Skip the sequence or scramble it and a struggling reader hits a wall. She might memorize "ight" words as whole units ("light," "night," "fight") without ever learning that "igh" is a vowel team spelling the long-i sound. That works until she meets "blight" or "plight" and has no strategy left. The OG sequence heads that off by teaching the rule, more than the words.
The order matters for confidence too. When every lesson is review plus one new thing, a child with dyslexia succeeds most of the time. Success in reading, which these kids almost never taste in a general classroom, changes how they see themselves as learners. That isn't sentiment. A 2021 meta-analysis in the Journal of Learning Disabilities reported that self-efficacy improvements correlated with sustained reading gains in structured literacy intervention. [7]
If you're trying to figure out whether your child might have dyslexia, our signs of dyslexia article walks through the red flags by age. For a formal evaluation, see our guide to dyslexia testing.
How does the OG sequence compare across major programs?
Because "Orton-Gillingham" is not one trademarked curriculum, programs adapt the sequence. Here's an honest look at where the big programs agree and where they part ways.
| Program | Starts with | Syllable types explicit? | Morphology included? | Typical delivery |
|---|---|---|---|---|
| Gillingham-Stillman (original manual) | Single phonemes, short vowels | Yes, all 6 | Yes | 1:1 tutoring |
| Wilson Reading System | Short vowels, closed syllables | Yes, all 6 | Yes (Level 7+) | 1:1 or small group |
| Barton Reading and Spelling | Short vowels, phonemic awareness | Yes, all 6 | Yes (Level 7+) | 1:1, parent-friendly |
| SPIRE (Specialized Program Individualizing Reading Excellence) | CVC words, short vowels | Yes | Partial | Small group, school |
| RAVE-O | Phonics + morphology together | Partial | Yes, integrated | Small group |
| Sonday System | Short vowels, continuous blending | Yes | Partial | 1:1 or small group |
Every one of these programs is explicit and systematic, and each teaches skills cumulatively. The differences are mostly pacing, the number of weeks spent per level, and how much morphology gets woven in early versus late. None of them are wrong. The best one for your child depends on her profile, your budget, and whether she has a trained tutor or a motivated parent doing the teaching. [2]
For a school-based IEP, you can ask the team to name the OG-based program they're using and hand you the scope and sequence document. You have that right under IDEA. [8]
What are the six syllable types in the OG sequence?
The six syllable types are one of the strongest tools in the OG sequence, and they're worth learning even as a parent watching sessions from the couch. Every English syllable is one of these six types, and knowing the type tells you how to say the vowel.
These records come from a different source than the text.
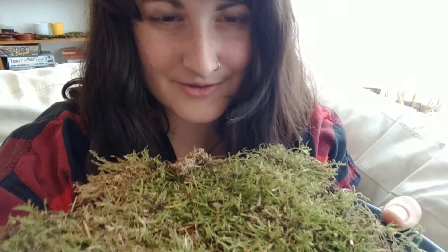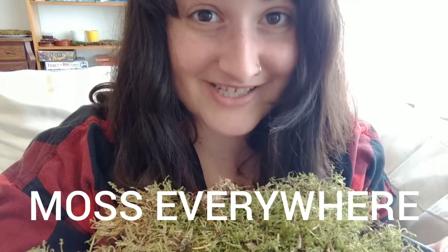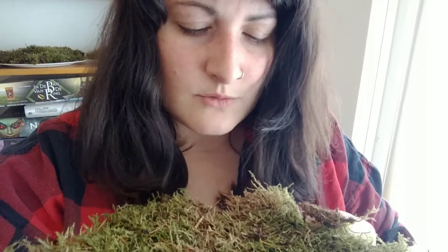Hi! Welcome back to Tiny Apartment Gardening. Today I'm talking about moss — specifically my giant problem of moss. You might be asking yourself, what does she mean by a problem of moss? Is there moss all over her tiny apartment? No... but also yes.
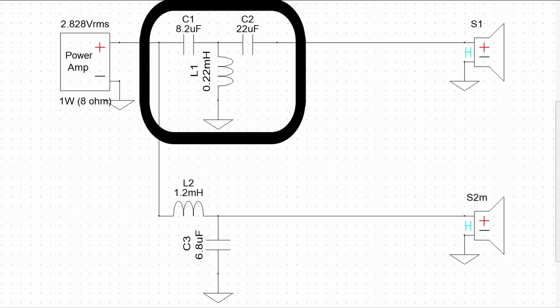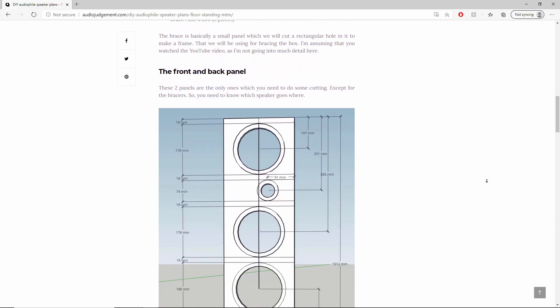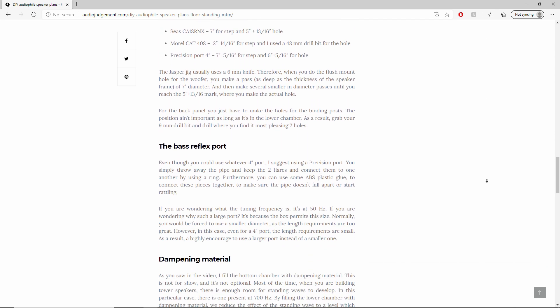If you look at the crossover design, it only has a third-order filter on the tweeter and a second-order filter on the mid-bass driver — no baffle step compensation, no attenuation pad, nothing. This crossover is as simple as it gets, and it shows in how it sounds. If you want to build this, you'll find a link in the description to my website where you'll find all the panel dimensions, the list of items you need, the crossover design, and all the instructions. So let's watch how I built it.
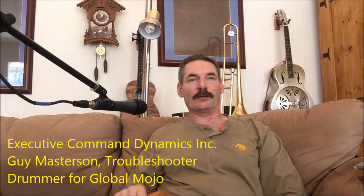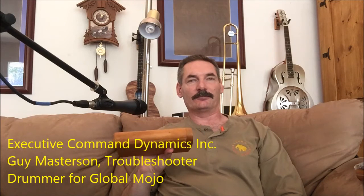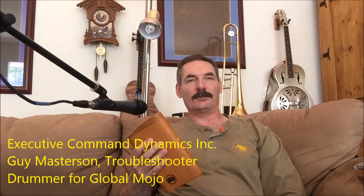This is Guy Masterson with some tips on the Travel Mini Didgeridoo, the Australian condensed version.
1. Closed syllable: Ends in one or more consonants; vowel is short. Examples: "cat," "dish," "fast." 2. Open syllable: Ends in a vowel; vowel is long. Examples: "me," "no," "pa-per" (the first syllable). 3. Vowel-consonant-e (VCe or "magic e"): A vowel, then a consonant, then a silent e; the first vowel is long. Examples: "cake," "time," "hope." 4. Vowel team: Two or more vowels together that make one sound. Examples: "rain," "boat," "feet." 5. R-controlled: A vowel followed by r; the r changes the vowel sound. Examples: "car," "bird," "fern." 6. Consonant-le (C-le): A consonant followed by -le at the end of a word; the vowel is typically short or absent in pronunciation. Examples: "ta-ble," "sim-ple," "puz-zle."
Once a child can name which syllable type she's looking at, she can decode an unfamiliar word by rule instead of guessing or memorizing it. That's the line between OG and a sight-word-heavy approach. Sight words have a place, and we cover it in our dolch sight words article, but they can't carry a struggling reader to grade level on their own.
How long does it take to go through the full OG sequence?
This is the question every parent asks. The honest answer is that it depends, but here are real ranges.
For a child with moderate dyslexia working with a trained tutor three to four times a week, most OG-based programs take 2 to 3 years to finish the full sequence through multisyllabic words and basic morphology. [4] Some children move faster, especially if intervention starts before age 8. Some take longer, particularly with co-occurring language processing issues or big phonemic awareness gaps at the start.
The Wilson Reading System, one of the most studied OG programs, is built as a 12-level program. Wilson's training materials say students average 1.5 to 2 years to complete the first 6 levels with consistent instruction. [9] Barton Reading is 10 levels, and Barton's documentation suggests most students need 3 to 5 years to finish all 10, especially starting in late elementary.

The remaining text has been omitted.